__MATERIAL PROVIDED__
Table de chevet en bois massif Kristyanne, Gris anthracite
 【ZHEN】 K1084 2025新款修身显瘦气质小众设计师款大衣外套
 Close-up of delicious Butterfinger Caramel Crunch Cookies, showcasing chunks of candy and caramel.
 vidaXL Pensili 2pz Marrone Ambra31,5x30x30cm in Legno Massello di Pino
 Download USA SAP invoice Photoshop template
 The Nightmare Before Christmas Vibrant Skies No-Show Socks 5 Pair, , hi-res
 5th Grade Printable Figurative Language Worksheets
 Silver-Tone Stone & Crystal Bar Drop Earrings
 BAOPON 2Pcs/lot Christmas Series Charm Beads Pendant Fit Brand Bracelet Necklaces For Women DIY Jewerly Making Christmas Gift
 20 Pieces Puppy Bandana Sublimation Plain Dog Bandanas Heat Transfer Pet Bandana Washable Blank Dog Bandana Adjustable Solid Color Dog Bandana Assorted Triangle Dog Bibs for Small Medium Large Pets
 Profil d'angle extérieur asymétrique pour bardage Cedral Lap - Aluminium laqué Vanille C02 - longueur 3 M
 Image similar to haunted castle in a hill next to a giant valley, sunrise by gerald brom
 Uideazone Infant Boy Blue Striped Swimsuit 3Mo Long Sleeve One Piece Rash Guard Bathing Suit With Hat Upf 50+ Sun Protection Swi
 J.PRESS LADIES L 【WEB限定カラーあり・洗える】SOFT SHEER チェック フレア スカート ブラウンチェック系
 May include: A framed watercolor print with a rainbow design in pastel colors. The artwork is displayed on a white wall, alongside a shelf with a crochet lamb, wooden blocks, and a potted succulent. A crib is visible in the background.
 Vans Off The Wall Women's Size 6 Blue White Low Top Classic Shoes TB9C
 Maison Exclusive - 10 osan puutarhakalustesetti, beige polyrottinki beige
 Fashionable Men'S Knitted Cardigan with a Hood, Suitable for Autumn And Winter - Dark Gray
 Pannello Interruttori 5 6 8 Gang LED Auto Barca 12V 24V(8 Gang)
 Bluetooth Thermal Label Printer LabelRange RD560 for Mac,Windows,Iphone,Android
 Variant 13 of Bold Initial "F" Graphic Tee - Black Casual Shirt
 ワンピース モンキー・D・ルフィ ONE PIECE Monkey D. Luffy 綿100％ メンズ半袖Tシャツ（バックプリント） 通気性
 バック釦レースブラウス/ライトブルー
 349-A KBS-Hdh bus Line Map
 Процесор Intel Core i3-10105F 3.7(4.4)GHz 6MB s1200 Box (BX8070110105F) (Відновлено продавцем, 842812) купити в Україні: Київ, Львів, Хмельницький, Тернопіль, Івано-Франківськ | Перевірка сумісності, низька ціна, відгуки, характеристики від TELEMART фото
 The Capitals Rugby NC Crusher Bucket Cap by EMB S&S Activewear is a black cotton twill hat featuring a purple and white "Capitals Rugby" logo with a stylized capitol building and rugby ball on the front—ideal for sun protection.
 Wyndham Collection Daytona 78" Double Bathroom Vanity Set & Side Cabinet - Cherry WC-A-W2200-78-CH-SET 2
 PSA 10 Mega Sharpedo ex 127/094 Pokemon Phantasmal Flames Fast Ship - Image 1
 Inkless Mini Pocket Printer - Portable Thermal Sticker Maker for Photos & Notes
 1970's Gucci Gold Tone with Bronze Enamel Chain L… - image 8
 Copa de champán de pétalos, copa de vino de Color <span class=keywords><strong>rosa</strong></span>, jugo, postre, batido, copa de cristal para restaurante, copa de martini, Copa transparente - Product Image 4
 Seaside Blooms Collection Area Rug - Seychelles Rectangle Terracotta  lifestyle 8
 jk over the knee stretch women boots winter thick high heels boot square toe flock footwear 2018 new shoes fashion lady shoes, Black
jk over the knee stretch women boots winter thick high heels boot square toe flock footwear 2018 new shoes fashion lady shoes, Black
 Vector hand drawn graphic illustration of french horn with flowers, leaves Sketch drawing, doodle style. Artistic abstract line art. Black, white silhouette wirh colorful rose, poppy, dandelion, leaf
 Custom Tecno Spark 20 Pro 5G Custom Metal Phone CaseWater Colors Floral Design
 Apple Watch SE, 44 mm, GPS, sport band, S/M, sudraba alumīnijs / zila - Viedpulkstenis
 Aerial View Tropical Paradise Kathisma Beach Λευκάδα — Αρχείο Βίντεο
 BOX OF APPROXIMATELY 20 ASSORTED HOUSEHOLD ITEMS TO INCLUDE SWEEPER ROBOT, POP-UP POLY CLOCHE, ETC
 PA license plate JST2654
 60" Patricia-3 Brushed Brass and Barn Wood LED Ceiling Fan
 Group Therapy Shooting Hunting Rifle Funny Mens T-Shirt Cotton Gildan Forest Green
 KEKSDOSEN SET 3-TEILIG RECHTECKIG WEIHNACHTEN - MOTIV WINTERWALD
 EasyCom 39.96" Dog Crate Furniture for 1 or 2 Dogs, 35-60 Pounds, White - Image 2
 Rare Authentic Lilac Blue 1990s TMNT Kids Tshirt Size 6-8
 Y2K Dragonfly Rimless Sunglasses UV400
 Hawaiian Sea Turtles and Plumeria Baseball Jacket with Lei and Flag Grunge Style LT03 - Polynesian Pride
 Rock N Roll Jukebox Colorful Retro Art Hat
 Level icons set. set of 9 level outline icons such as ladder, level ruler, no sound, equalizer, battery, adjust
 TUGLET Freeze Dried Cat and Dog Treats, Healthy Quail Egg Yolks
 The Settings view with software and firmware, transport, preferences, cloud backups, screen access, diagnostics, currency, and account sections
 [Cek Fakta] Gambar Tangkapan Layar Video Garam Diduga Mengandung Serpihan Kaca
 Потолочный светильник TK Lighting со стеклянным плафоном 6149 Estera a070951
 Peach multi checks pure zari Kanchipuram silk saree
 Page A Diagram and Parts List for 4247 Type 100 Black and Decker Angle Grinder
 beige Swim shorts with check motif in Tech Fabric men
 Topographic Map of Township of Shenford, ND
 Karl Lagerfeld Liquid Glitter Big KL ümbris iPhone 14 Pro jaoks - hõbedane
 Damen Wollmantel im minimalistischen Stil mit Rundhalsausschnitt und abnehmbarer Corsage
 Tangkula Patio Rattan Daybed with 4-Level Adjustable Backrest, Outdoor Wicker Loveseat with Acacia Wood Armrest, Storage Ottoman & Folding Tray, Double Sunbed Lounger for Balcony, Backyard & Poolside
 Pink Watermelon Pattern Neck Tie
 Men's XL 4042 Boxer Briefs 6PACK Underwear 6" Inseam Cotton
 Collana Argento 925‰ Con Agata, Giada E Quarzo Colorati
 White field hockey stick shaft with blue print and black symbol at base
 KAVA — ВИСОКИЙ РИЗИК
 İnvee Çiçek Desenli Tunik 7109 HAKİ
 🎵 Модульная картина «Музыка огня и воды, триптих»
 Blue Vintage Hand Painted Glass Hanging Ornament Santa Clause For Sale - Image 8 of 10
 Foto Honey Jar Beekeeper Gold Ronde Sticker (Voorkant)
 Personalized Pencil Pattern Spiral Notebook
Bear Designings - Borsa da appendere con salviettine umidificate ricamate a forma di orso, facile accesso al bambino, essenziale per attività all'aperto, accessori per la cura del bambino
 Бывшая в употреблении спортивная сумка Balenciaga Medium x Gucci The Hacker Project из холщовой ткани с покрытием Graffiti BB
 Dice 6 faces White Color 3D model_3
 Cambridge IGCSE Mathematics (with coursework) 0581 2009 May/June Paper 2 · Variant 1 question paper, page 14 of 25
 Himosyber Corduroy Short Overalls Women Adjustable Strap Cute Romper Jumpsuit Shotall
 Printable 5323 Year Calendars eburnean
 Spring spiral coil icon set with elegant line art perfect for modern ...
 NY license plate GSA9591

__INSTRUCTIONS TO FOLLOW__
Lines of the listing above that contain the word "stretch" must all be copied.

__RESULT BELOW__
 jk over the knee stretch women boots winter thick high heels boot square toe flock footwear 2018 new shoes fashion lady shoes, Black
jk over the knee stretch women boots winter thick high heels boot square toe flock footwear 2018 new shoes fashion lady shoes, Black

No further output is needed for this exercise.